Simply because the Navigator and Sun's Java competition were nascent competitors does not lead logically to DOJ's apparent inference that there has been not much competitive harm from Microsoft's actions. These threats were nascent in 1995 but now six years have passed, a period of a shifting paradigm in which they would have grown to maturity. We believe that after this court conducts a remedy hearing, the court will conclude, as we have, that Microsoft's extensive unlawful acts have had a significant anticompetitive impact on competition. In particular, a review of the facts would take the following points into account.

First, we know that nascent competitors can lead to significant competition. We know now with much more certainty than in 1995 that the Internet has transformed the way we use PCs. It was this occasion of the paradigm shift that offered the opportunity to reduce, if not eliminate, Microsoft's dominance of operating systems.

Second, we know that Netscape Navigator and Sun's Java were at the center of this transformation in the computing paradigm. By neutralizing the threats of both Navigator and Sun's Java, Microsoft maintained its Windows operating system monopoly. As a result of its unlawful conduct, Microsoft has gained much greater control over computing in this new paradigm.

For example, MS Internet Explorer (IE) is now the dominant browser. As such, web content and other applications are now optimized for the IE standards controlled by Microsoft instead of Navigator or any other browser, and no other browser offers a plausible alternative as a platform for applications developers. Accordingly, barriers to entry for a new OS are now higher than they were in 1995. Similarly, Microsoft's Java implementation has become well established. Today many developers have acquired expertise in the use of Microsoft's Java tools and would need to bear switching costs to begin using Sun's Java tools. Consequently, Sun's Java has lost significant momentum that it by itself is unlikely to recover.

Third, as a result of the evidence contained in the internal discussions among the Microsoft senior management, we know that Microsoft itself was greatly concerned about losing its monopoly power and control over the market during this paradigm shift and about the key role of Netscape Navigator and other middleware in this transformation. In and of itself, this concern is evidence that while nascent, the middleware threat would likely have become a substantial competitive constraint on Microsoft. We have previously (in Section II) cited Bill Gates' own concern that Navigator would "commoditize" the supply of operating systems. We have also noted that other Microsoft executives believed that IE could not beat Navigator on the merits.

Fourth, we know that in desktop operating systems, monopoly power has not been fleeting.
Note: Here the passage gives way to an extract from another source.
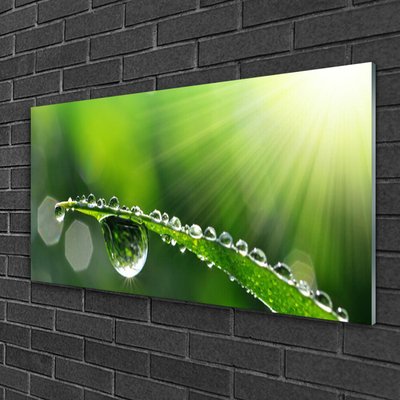 Glass Wall Art Grass dew drops floral green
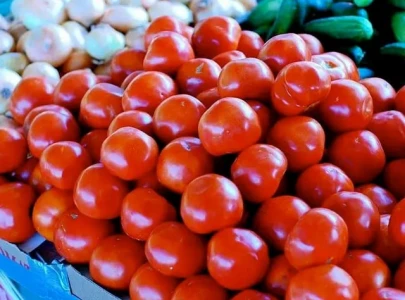 tomato potato prices skyrocket in peshawar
Microsoft has maintained its monopoly over the course of the paradigm shift. The court has found that Microsoft engaged in a series of unlawful acts with the purpose of maintaining this monopoly. Thus, it makes no logical sense to assume that the illegal conduct failed to have its intended anticompetitive effects.

Fifth, we know that Microsoft has used the past six years to entrench the monopoly power of the Windows operating system and gain greater control over computing in the new Internet paradigm. In Section II, we noted that Microsoft's new OS, Windows XP, has technologically bound key Internet-gateway applications such as Windows Media Player to the operating system and its various browsers. In this way, Microsoft discourages software developers from writing their programs to competing middleware platforms. This also makes it harder for operating system competition to emerge.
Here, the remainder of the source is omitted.